SPACE AUTOMATISM comments on big questions as structures, ideology, power and size, collectivity vs individuality, mainstream and clichés, but the works themselves are often small, playfully ambiguous, and not always explicit political. The starting points are personal places like my theatre space, my office, my institutions (Norwegian Theatre Academy and Norwegian Artistic Research Project), my home and my plastic garbage, or based on invitations to different venues. To discuss the specific places, I try to be or play them as objects or situations. Political and structural questions are treated as material and characteristics for the protagonists rather than problems and limitations.
As a single artist and a no longer collective (Baktruppen), I’ve been looking for ways to perform in solos without being the visible main actress. I’ve been interested in NTAs puppetry history, in object-oriented formats and art forms, and the concepts of the historical avantgarde’s art figures, über-marionettes, manikins, robots and automats. I’ve experimented with forms where improvisation, dialogue and presence are central, and with elements from Commedia dell’arte, performance art, installation, puppetry and slapstick comedy, – trying to re-explore their radical and political potential.
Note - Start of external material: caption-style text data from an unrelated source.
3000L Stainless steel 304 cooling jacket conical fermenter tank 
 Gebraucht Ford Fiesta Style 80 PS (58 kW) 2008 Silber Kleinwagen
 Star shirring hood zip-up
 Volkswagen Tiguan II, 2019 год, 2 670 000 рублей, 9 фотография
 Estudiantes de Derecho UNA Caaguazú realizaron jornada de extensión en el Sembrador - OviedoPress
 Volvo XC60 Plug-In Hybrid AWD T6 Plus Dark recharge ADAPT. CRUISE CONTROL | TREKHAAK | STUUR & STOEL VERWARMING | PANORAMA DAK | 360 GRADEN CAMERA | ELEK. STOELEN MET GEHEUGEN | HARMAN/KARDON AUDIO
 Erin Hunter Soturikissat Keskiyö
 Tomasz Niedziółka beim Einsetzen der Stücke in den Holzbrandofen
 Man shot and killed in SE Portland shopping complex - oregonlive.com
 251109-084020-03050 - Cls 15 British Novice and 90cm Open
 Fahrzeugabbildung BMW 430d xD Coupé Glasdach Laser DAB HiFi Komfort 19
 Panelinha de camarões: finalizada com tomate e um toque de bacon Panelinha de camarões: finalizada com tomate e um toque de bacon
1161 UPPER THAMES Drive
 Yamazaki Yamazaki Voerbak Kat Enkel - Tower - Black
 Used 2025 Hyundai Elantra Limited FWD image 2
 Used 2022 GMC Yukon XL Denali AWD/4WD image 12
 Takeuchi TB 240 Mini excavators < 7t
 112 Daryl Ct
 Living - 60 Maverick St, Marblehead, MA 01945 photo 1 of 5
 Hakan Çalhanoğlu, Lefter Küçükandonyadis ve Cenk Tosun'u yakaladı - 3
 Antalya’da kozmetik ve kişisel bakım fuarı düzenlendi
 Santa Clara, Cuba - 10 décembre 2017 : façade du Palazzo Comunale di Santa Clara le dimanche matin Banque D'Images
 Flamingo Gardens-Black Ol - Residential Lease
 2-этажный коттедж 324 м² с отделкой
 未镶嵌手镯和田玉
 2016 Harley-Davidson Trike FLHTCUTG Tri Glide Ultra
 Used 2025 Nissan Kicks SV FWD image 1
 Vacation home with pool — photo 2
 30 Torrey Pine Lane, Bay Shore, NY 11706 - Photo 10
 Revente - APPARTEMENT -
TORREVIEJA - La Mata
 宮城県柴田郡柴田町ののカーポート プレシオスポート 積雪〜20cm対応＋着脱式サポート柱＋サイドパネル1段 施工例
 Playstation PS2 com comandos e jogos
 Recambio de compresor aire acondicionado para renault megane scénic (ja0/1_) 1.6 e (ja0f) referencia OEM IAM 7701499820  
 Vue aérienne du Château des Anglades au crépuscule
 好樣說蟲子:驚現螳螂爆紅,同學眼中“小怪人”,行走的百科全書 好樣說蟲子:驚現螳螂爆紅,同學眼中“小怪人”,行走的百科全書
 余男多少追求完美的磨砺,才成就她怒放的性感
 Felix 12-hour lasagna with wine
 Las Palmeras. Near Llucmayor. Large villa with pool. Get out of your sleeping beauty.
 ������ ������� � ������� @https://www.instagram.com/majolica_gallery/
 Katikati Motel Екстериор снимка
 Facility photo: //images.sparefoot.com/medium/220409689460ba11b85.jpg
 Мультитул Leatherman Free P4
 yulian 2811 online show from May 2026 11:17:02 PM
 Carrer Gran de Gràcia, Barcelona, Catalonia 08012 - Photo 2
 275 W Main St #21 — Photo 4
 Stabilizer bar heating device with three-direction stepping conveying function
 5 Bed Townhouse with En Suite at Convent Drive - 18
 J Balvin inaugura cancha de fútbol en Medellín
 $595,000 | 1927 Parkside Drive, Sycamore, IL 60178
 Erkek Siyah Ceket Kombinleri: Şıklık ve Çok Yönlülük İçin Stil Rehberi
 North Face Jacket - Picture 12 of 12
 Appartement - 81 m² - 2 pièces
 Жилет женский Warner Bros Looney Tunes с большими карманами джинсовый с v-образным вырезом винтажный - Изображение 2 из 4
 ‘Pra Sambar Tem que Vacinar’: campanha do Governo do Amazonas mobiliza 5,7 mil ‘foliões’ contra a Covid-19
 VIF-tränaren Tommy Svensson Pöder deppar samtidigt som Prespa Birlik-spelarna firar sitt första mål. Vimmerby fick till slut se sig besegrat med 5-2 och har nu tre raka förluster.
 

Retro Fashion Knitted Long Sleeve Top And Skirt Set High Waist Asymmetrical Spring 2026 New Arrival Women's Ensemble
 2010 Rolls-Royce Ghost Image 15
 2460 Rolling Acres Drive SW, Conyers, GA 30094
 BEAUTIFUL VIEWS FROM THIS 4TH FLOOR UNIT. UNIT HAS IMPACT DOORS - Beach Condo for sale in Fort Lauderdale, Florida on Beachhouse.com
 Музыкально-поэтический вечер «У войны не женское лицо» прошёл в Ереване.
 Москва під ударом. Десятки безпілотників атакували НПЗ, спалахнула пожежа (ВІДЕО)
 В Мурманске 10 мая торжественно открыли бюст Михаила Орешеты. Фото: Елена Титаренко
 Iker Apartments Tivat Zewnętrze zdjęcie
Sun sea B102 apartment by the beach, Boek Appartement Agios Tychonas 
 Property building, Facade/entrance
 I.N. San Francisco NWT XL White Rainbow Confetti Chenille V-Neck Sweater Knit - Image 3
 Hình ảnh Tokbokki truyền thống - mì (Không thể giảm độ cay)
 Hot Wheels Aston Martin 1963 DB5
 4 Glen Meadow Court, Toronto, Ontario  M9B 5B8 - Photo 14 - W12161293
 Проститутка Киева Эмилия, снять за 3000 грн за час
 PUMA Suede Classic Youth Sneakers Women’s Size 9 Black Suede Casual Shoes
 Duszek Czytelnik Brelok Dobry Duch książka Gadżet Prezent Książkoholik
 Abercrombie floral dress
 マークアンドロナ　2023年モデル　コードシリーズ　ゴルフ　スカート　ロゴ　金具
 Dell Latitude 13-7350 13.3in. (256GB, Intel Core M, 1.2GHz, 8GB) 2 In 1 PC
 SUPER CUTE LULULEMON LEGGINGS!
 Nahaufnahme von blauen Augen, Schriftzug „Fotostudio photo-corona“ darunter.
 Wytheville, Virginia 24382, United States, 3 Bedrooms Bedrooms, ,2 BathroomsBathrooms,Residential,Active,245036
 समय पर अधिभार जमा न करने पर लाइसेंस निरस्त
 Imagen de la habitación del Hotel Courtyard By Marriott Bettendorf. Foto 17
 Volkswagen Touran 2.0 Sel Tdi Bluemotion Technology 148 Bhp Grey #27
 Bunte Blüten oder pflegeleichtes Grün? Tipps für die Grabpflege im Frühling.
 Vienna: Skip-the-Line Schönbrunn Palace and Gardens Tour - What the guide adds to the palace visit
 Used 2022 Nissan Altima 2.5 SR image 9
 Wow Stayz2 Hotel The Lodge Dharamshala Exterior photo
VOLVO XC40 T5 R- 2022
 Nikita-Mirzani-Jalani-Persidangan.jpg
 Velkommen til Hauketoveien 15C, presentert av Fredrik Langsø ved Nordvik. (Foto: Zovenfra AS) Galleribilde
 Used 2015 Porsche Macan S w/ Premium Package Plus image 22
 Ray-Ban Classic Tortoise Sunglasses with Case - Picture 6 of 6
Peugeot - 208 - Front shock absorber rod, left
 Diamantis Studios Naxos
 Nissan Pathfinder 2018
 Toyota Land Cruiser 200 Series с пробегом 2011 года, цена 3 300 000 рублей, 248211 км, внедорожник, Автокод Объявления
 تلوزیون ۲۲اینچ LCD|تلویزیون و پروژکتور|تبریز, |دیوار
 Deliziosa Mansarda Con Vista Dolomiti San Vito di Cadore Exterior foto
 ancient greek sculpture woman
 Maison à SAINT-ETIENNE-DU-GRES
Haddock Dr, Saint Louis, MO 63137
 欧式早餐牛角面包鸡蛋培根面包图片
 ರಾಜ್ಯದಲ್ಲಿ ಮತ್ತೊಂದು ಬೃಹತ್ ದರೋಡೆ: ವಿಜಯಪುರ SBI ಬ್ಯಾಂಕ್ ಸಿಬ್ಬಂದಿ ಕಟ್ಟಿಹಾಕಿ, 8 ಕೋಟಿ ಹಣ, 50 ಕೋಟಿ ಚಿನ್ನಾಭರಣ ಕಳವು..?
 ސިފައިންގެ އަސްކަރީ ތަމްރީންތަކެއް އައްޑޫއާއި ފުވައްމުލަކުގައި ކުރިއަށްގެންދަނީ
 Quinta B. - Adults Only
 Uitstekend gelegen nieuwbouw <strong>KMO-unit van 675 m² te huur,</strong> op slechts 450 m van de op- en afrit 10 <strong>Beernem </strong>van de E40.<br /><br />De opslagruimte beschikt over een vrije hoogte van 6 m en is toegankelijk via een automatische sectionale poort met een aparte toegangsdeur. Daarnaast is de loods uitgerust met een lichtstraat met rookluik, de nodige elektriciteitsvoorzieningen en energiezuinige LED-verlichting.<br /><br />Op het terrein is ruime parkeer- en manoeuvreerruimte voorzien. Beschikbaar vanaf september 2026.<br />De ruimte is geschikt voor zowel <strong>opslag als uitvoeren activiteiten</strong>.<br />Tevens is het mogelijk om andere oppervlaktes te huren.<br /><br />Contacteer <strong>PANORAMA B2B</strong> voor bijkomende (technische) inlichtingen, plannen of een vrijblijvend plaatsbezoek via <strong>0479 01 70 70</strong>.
The work re-uses site-specific elements in theatrical, performative and object-oriented hybrids. I’ve called it expressive minimalism, post-spectacular, low or popular, or even vulgarly unpopular. Maybe it’s performative scenography.
The research is performed at every possible opportunity, in many forms and sizes. It's not a few central works with an answer or something for a marked, but a more old-fashioned marked style of risky stunts and simple improvisation. The works perform, are, or play situations, places, disciplines and materials, with a site-specific concept and form. It asks what every possible place and context do. What their nature is, and what my nature becomes in that specific place and situation. My choices can be intuitive, pragmatic, playful and quick, but the method makes it possible to work with institutional and critical questions in a free and non-hierarchical structure, – where no place is more important or central than another, and to explore interests as the institution and the public, the public and the private, low-status materials and art forms, art and politics, the absent actress and object theatre, anthropomorphism, Object-oriented ontology and even Marxism.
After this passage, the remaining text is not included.